L’argument : Alex ne devait rester que quelques minutes à Koupala, le temps de prendre de l’essence. Mais en panne de voiture, son séjour va être bien plus long que prévu... Dans ce petit village perdu au milieu du désert africain où personne ne passe pour le secourir, Alex perd progressivement ses repères et ses certitudes de Blanc d’Afrique. Sans le savoir, il devient un enjeu vital pour le village.

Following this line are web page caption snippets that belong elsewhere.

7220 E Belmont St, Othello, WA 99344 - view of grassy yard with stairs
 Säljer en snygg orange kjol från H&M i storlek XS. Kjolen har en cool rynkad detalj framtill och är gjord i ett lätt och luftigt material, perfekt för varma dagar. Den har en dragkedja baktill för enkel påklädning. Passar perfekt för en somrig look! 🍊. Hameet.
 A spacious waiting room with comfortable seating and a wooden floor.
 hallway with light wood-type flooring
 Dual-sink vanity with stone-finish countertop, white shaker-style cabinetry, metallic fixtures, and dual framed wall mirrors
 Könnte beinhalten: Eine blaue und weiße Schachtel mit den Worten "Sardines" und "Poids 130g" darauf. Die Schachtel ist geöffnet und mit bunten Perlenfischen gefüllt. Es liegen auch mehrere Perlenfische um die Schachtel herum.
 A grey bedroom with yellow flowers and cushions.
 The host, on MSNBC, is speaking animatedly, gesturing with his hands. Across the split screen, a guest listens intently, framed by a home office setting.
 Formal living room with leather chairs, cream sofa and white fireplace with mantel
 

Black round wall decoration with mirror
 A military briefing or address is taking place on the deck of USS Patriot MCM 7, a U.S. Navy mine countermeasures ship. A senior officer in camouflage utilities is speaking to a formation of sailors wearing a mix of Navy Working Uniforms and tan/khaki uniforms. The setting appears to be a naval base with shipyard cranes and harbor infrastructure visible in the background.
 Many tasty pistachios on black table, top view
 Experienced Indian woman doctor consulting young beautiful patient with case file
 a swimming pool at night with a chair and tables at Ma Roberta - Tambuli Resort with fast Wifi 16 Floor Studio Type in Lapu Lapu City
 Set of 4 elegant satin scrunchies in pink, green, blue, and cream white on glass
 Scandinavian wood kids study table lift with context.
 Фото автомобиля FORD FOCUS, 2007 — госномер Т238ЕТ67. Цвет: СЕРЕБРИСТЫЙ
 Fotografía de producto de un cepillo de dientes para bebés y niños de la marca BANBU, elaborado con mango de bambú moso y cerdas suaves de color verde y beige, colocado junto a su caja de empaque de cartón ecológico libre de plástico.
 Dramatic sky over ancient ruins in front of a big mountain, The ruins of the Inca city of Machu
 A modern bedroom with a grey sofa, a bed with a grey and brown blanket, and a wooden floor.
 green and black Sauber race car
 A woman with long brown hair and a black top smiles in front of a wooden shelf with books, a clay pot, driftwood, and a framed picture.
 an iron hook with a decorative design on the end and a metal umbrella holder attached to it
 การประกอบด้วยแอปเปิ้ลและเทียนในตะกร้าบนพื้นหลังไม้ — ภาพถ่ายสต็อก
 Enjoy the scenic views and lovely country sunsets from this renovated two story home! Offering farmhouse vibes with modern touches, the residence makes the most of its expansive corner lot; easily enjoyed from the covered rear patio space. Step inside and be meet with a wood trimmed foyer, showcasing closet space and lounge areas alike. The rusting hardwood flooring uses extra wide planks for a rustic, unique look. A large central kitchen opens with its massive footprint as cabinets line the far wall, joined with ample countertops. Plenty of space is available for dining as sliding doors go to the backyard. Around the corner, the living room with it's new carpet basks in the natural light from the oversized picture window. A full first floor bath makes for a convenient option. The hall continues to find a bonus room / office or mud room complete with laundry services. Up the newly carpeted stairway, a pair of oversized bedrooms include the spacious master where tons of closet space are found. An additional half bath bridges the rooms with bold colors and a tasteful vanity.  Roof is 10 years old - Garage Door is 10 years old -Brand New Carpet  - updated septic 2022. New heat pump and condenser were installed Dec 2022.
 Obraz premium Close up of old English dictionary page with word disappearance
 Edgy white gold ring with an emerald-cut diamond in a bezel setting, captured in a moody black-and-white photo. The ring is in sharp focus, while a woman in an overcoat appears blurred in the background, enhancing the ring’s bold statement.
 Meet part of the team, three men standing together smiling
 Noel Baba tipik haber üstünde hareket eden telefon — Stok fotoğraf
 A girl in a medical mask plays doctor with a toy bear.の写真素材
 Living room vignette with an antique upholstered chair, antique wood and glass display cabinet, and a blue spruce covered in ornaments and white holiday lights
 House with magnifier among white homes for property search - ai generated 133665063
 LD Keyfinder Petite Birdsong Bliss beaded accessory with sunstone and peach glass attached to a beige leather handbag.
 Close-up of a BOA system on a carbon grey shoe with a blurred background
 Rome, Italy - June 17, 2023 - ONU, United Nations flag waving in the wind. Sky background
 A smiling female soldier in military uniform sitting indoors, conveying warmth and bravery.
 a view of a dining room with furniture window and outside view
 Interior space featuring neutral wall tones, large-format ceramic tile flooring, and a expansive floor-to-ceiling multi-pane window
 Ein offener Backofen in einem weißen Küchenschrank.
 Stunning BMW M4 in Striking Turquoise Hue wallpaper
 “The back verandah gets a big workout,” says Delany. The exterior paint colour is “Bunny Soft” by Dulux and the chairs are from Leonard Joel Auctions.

Notre avis : En Afrique, les lendemains déchantent... Nous pénétrons dans ce village d’un pays inconnu au bataillon, longtemps après une tempête historique quelconque, dans un paysage désolé, désertique, aussi dépourvu de ressources que ses habitants. Au milieu des cailloux, le Blanc va se comporter en dernier roi des Sables, et ramasser sur le sol ce qu’il reste encore à la portée de sa main - la couche d’une femme, l’amabilité intéressée d’un marchand de fortune. A travers la caméra de Frédéric Chignac, la métaphore est claire, parfois même un peu trop : alors que le Sud n’était encore qu’un enfant économique et politique, le Nord s’est penché au-dessus de son berceau et lui a subtilisé ses jouets. Le temps de la kermesse est terminé est un réquisitoire indigné contre les traces encore vives d’une ère au parfum nauséabond, dont nous découvrons qu’il est resté davantage que ce nous croyions, et en particulier l’idée implicite et à peine avouée que « nous » nous sentons différents d’ « eux ». S’il n’aborde pas tous les thèmes avec la même finesse, le scénario a pourtant le mérite de lancer une charge destructrice sur des terrains risqués, qui - pour cause de frilosité politique - s’enfoncent habituellement dans l’oubli ou le non-dit : les immigrants clandestins rêvant d’un Eldarodo européen, l’ambiguïté du discours et des actes officiels, des deux côtés de la Méditerranée, le paternalisme ou encore l’exploitation sexuelle, à la limite du consentement, de femmes forcées à se sacrifier pour l’espoir d’une vie meilleure.
- © Rezo Films
A ce titre, Le temps de la kermesse est terminé est un film plus dur moralement que ne le laisse supposer ses dehors de bonne humeur. Sur la base d’une histoire quasi-archétypique (un étranger en terre inconnue va progressivement faire l’apprentissage d’autrui), le politiquement correct s’efface souvent au profit d’un pessimisme réel, qui semble résonner dans le vide ; si le cynisme du personnage est si dérangeant, c’est qu’il ne rencontre aucune résistance, devient par moments pure méchanceté. Le rôle permet de découvrir un Stéphane Guillon encore mal assuré à l’écran, mais prenant ses marques d’acteur au long cours, surtout face à Aïssa Maïga éloquente dans son mutisme. Autre bonne surprise, les personnages secondaires qui sillonnent la trajectoire d’Alex - un lieutenant nationaliste cultivant des laitues, un mystérieux « banni », un marchand de bières pieux et jovial... -, soigneusement composés avec un regard bienveillant, qui se retient de juger hâtivement. C’est ce qui pointe ici peut-être le défaut majeur du film : le coeur gros et accablé par une peine immense, celle d’assigner à chacun le poids de ses responsabilités et de dresser la ligne de route pour que le continent puisse enfin achever sa traversée du désert, il est obligé de laisser en chemin des pistes possibles, plus nuancées, et qui auraient mérité un détour. Mais l’on comprend Frédéric Chignac : les mots de colère sont parfois ceux qui viennent à s’étrangler dans notre gorge.